▸ **What you have to do**
Where the line containing "Mercedes-Benz C 300" appears, end your copy; everything from the first line of the records below up to and including it must be reproduced exactly.

▸ **Records to process**
++++++++++++++++++++

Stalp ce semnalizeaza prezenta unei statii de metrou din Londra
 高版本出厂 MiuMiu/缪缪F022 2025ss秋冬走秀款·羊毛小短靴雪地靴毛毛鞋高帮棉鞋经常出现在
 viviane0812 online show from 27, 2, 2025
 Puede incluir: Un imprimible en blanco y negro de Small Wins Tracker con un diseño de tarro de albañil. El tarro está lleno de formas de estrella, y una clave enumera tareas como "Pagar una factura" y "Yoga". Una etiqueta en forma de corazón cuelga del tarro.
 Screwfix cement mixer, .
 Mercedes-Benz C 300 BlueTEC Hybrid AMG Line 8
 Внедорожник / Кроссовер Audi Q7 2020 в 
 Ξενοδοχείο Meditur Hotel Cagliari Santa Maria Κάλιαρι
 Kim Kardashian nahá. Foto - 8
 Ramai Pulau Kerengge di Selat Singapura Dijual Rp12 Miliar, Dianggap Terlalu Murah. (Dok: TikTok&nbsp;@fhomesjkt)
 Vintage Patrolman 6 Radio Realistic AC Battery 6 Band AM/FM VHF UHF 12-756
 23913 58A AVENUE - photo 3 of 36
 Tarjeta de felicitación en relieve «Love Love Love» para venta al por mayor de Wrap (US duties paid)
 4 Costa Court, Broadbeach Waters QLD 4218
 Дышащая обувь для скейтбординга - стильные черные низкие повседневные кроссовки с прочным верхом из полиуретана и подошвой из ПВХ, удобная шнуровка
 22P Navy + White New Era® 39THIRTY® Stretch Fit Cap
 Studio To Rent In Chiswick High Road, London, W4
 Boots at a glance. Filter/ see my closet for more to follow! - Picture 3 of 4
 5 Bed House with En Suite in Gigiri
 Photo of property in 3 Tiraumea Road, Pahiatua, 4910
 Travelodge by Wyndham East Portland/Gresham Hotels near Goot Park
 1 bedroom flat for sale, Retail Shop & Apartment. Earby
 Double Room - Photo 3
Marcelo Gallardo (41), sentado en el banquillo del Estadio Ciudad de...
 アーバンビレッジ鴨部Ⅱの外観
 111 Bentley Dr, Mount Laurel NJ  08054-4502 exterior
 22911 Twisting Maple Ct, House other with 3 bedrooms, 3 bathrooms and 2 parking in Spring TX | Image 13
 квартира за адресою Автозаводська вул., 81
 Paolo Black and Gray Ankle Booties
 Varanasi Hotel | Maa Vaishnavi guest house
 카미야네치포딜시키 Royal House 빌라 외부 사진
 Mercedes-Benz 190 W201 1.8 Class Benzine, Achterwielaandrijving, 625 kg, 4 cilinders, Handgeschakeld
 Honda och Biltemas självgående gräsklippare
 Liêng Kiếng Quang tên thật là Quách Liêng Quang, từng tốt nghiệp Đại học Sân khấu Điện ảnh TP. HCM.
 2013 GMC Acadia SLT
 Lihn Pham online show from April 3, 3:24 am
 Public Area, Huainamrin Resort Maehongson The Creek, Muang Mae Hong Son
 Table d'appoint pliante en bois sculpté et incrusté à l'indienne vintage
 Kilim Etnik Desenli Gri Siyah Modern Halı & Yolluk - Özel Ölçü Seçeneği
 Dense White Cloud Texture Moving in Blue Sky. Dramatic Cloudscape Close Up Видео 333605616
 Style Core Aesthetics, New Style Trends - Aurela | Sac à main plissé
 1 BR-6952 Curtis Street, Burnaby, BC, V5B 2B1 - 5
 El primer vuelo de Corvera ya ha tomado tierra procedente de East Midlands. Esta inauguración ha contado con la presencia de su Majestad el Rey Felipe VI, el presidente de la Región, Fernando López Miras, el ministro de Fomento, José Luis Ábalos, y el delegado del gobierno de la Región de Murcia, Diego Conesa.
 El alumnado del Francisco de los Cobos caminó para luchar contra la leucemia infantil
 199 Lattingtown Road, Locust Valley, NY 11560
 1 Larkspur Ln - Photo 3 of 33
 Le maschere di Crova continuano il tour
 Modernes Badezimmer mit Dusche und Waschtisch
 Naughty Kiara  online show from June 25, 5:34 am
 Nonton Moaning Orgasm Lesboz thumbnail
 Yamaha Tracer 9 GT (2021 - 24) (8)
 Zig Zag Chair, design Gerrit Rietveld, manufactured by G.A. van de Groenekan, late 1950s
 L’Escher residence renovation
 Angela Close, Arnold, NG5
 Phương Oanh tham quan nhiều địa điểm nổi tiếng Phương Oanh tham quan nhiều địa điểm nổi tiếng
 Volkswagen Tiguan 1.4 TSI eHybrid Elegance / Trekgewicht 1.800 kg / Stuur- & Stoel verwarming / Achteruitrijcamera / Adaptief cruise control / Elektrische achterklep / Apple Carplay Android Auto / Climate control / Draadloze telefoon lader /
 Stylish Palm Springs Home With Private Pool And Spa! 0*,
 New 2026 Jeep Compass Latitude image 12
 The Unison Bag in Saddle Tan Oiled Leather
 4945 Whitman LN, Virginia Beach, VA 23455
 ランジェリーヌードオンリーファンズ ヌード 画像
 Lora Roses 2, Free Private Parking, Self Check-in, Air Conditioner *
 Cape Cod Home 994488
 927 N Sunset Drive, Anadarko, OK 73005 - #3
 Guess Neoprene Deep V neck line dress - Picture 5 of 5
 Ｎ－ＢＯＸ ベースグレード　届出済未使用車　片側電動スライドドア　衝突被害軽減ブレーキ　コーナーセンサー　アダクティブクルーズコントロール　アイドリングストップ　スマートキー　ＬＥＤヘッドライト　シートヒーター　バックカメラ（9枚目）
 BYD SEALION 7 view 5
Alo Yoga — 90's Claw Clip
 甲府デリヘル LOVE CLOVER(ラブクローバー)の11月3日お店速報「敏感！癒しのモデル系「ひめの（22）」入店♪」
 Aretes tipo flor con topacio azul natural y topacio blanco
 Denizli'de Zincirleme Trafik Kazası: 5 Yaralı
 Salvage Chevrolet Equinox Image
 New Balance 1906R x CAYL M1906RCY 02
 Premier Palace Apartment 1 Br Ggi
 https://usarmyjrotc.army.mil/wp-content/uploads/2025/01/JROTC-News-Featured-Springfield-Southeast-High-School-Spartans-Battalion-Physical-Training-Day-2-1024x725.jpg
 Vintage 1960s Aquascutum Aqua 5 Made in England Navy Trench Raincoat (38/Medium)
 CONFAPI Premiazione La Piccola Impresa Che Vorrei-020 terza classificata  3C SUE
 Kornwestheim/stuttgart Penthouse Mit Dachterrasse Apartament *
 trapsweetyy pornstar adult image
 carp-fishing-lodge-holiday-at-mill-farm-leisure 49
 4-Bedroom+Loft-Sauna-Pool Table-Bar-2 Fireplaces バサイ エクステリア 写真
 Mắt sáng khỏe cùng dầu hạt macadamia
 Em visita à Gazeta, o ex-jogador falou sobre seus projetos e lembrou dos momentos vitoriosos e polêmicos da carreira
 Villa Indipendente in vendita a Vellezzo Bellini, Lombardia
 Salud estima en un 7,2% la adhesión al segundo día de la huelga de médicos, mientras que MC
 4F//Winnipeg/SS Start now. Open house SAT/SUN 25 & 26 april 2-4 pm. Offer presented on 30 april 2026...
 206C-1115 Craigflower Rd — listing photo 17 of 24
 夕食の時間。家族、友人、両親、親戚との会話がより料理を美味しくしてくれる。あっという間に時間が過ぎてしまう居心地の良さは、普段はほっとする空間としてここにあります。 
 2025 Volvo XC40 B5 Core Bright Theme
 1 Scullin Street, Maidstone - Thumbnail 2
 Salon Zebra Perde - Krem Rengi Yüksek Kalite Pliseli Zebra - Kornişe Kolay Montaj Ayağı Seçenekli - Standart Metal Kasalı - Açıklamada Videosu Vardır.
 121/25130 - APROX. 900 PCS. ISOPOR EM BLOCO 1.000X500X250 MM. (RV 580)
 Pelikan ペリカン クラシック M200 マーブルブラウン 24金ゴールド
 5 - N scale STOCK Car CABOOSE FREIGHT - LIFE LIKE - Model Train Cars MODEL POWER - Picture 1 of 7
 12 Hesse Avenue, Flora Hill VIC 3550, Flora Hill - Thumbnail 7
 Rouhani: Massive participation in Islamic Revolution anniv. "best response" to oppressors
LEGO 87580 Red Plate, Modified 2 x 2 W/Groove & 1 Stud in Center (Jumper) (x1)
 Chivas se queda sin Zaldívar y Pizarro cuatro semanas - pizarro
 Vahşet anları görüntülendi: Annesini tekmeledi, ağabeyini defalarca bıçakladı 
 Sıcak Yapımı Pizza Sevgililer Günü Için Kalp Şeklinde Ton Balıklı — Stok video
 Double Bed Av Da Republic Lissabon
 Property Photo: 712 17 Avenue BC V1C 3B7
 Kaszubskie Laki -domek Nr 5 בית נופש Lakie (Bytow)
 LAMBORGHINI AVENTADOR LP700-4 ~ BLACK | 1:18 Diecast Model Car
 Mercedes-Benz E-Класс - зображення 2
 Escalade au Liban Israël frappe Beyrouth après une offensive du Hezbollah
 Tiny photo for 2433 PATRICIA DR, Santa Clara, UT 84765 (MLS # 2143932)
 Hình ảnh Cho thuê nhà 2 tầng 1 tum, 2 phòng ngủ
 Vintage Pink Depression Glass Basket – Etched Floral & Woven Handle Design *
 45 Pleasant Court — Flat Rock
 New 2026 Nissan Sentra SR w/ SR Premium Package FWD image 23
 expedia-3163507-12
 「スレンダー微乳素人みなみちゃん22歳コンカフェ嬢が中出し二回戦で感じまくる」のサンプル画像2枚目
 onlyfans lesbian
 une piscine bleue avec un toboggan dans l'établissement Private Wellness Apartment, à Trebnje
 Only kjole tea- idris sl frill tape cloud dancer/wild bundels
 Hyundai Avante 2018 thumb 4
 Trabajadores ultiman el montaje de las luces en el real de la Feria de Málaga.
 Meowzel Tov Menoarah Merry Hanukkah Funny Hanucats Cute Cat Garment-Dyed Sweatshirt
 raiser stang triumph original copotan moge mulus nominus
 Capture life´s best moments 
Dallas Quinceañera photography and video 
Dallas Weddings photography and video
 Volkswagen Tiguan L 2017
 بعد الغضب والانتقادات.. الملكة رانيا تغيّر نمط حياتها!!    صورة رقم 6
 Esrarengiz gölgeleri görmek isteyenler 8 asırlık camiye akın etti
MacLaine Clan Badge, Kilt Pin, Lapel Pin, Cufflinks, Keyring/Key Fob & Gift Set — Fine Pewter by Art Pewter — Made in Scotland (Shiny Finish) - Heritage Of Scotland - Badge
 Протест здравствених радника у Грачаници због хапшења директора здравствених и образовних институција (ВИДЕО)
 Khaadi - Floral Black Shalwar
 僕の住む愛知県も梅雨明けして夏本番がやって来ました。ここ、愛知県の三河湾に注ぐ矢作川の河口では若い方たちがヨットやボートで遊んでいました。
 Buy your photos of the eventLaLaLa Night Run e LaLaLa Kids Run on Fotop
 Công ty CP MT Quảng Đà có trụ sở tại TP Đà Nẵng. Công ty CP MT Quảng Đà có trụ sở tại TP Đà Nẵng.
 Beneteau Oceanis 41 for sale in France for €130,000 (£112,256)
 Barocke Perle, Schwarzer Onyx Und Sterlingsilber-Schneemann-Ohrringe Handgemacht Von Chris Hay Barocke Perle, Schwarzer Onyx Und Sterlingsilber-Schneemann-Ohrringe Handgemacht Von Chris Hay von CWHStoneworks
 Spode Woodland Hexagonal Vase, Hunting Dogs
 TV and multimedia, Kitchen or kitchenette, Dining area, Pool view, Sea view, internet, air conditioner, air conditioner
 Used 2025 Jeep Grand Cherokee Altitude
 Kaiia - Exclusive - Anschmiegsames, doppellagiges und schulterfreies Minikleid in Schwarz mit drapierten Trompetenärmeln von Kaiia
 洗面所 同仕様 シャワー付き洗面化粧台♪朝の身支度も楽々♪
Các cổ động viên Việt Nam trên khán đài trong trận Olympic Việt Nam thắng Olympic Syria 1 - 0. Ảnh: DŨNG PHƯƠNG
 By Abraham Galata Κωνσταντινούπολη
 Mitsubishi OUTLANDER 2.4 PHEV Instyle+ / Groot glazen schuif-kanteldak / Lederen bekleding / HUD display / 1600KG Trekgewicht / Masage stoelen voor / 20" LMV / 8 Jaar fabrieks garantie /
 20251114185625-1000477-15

++++++++++++++++++++

▸ **Result**
Stalp ce semnalizeaza prezenta unei statii de metrou din Londra
 高版本出厂 MiuMiu/缪缪F022 2025ss秋冬走秀款·羊毛小短靴雪地靴毛毛鞋高帮棉鞋经常出现在
 viviane0812 online show from 27, 2, 2025
 Puede incluir: Un imprimible en blanco y negro de Small Wins Tracker con un diseño de tarro de albañil. El tarro está lleno de formas de estrella, y una clave enumera tareas como "Pagar una factura" y "Yoga". Una etiqueta en forma de corazón cuelga del tarro.
 Screwfix cement mixer, .
 Mercedes-Benz C 300 BlueTEC Hybrid AMG Line 8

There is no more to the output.